Characters in tactical combat
Your character has, for tactical combat, one to three jobs, which give you abilities and such. Each job is part of a class, a sort of over-job or category of jobs. You can generally only learn abilities from your jobs. On any given expedition, you’ll have selected one of your jobs to be your current job, and that will determine your basic statistics and your passive traits.
Abilities: Special actions you can take in combat based on the jobs you have taken. You start out with two and can learn two new ones every level (at 4 XP and 8 XP), but you can only have six active, plus one Limit Break, on each expedition. With the exception of Gambits, your active abilities must come from your current job’s class.
Talents: Unlockable improvements to each ability. You can choose to unlock a talent instead of gaining an ability at 4 or 8 XP each level. Each ability has two tiers of talent.
Master talents: Special super strong talents that you unlock with mastery points that you get at levels 5, 10, 12, and (if you forego getting a new job) 4 and/or 8. Unlike normal talents, Limit Breaks also have a master talent.
Gambit: At levels 4 and 8 you gain gambit slots, allowing you to select abilities from a different class than your current job for 1 or 2 of your 6 active abilities. Each class also specifies certain benefits you get when taking your gambit(s) from that class, usually just to give you access to class-specific mechanics.
Limit Breaks: A very powerful ability, determined by your current job and available starting at level 2. You must spend a resource called Resolve that builds up slowly over combat to activate it.
Traits: Passive effects that come from your job, class, or relics. They always apply to your character.
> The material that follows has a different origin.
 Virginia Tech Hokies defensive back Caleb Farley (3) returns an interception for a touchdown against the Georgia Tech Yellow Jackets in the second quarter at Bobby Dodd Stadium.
Now a breakdown of statistics, which will mostly be determined by your class and chapter:
Health: a baseline measure of how healthy your character is. Most healing effects and similar are based on a multiple of your Health value.
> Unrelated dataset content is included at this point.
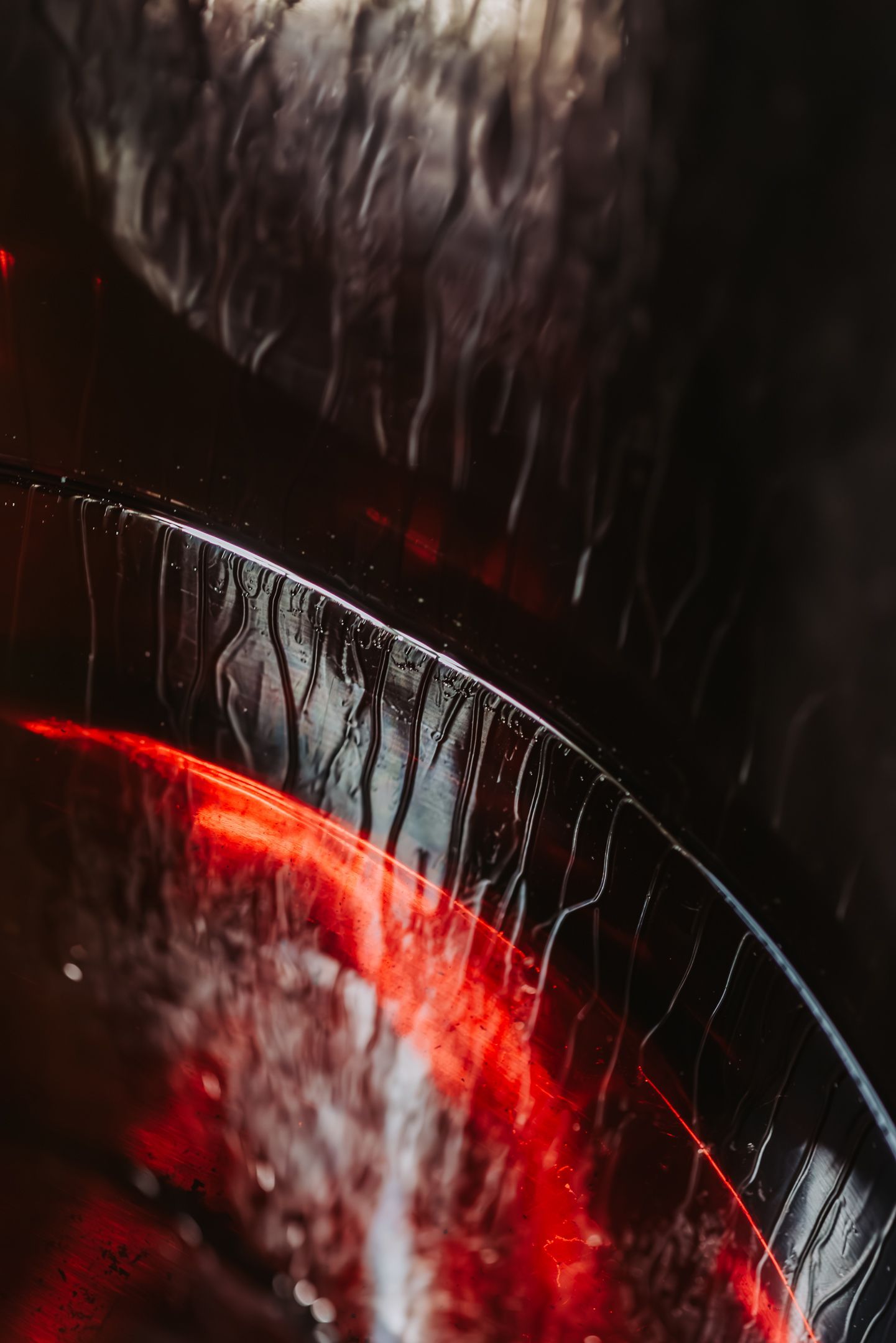 Abstract close-up, curved glass reflecting red light, textured surface, dark background.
Hit Points (HP): a pool of points that deplete when you take damage. Your maximum HP is normally 4 × your Health. If you run out of HP, you’re defeated: you’re incapacitated and take a wound. Some abilities care about whether a character is below 50% HP (which is called being bloody).
Vigor: a temporary shielding effect that receives damage before your HP until it runs out. It’s often gained from in-combat healing. It is always granted in sizes equal to a multiple of your Health.
Wound: When you take a wound, you block off 25% of your HP (equal to your Health), lowering your maximum HP and maximum vigor. If you accumulate 4 wounds you die. You usually take wounds when defeated and can only recover from them during interludes.
Elixirs: A limited resource that characters can drink out of combat to heal 50% of their HP. Each character starts every expedition with 2 elixirs.
Defense: How hard it is to hit you in combat. An attack roll must equal ot exceed the target’s defense to hit.
Armor: Reduce all damage taken by your armor, unless that damage ignores armor.
Speed: How far you can move with your standard move.
Size: How much space you take up on the battlefield. All characters are take up a square region with sides equal in length to their Size in squares. Player characters are all size 1.
Attack Bonus: A bonus, determined by your class, that is added to your attack rolls.
Damage: How much damage you do. Each class has a small fixed amount of “Fray damage”, plus a damage die that you roll one or more of for each of light, heavy, and critical damage. Attacks and other abilities will specify which type of damage is dealt.
Rolls in Tactical Combat
There are three main types of rolls in combat (plus occasional special rolls demanded by your abilities):
Attack rolls: roll 1d20 ± any boons or curses + your attack bonus. If you roll equal to or higher than the target’s Defense, you hit. If you less, you miss. If you roll a total of 20 or higher you get a critical hit. Also called to-hit rolls, these are used to determine whether your attacks hit.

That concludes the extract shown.